- PROBLEM STATEMENT -
All the entries below should be reproduced exactly.
• • • • •
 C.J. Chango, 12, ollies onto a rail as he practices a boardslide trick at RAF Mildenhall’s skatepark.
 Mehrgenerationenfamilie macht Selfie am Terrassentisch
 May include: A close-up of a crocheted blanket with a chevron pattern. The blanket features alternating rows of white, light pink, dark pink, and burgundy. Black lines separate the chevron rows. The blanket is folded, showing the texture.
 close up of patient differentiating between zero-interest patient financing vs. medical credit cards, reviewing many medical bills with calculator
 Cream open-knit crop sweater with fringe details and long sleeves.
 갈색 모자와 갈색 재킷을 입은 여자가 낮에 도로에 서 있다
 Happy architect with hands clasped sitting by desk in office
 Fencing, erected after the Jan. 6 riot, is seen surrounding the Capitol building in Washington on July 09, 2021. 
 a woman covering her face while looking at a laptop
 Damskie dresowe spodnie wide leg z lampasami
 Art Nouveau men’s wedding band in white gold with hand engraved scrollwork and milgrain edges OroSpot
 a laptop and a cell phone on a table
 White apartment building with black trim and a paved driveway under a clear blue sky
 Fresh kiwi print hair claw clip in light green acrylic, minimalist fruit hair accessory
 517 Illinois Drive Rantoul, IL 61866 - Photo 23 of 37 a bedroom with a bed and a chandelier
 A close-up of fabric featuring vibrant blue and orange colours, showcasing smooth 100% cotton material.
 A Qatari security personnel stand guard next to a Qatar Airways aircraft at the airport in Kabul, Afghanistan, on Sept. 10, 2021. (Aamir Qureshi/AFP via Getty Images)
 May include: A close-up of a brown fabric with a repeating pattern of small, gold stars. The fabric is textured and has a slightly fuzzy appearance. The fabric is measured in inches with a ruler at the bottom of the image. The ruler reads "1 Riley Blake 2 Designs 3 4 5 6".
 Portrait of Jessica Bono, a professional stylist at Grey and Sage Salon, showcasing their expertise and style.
• • • • •
- RESULT -
 C.J. Chango, 12, ollies onto a rail as he practices a boardslide trick at RAF Mildenhall’s skatepark.
 Mehrgenerationenfamilie macht Selfie am Terrassentisch
 May include: A close-up of a crocheted blanket with a chevron pattern. The blanket features alternating rows of white, light pink, dark pink, and burgundy. Black lines separate the chevron rows. The blanket is folded, showing the texture.
 close up of patient differentiating between zero-interest patient financing vs. medical credit cards, reviewing many medical bills with calculator
 Cream open-knit crop sweater with fringe details and long sleeves.
 갈색 모자와 갈색 재킷을 입은 여자가 낮에 도로에 서 있다
 Happy architect with hands clasped sitting by desk in office
 Fencing, erected after the Jan. 6 riot, is seen surrounding the Capitol building in Washington on July 09, 2021. 
 a woman covering her face while looking at a laptop
 Damskie dresowe spodnie wide leg z lampasami
 Art Nouveau men’s wedding band in white gold with hand engraved scrollwork and milgrain edges OroSpot
 a laptop and a cell phone on a table
 White apartment building with black trim and a paved driveway under a clear blue sky
 Fresh kiwi print hair claw clip in light green acrylic, minimalist fruit hair accessory
 517 Illinois Drive Rantoul, IL 61866 - Photo 23 of 37 a bedroom with a bed and a chandelier
 A close-up of fabric featuring vibrant blue and orange colours, showcasing smooth 100% cotton material.
 A Qatari security personnel stand guard next to a Qatar Airways aircraft at the airport in Kabul, Afghanistan, on Sept. 10, 2021. (Aamir Qureshi/AFP via Getty Images)
 May include: A close-up of a brown fabric with a repeating pattern of small, gold stars. The fabric is textured and has a slightly fuzzy appearance. The fabric is measured in inches with a ruler at the bottom of the image. The ruler reads "1 Riley Blake 2 Designs 3 4 5 6".
 Portrait of Jessica Bono, a professional stylist at Grey and Sage Salon, showcasing their expertise and style.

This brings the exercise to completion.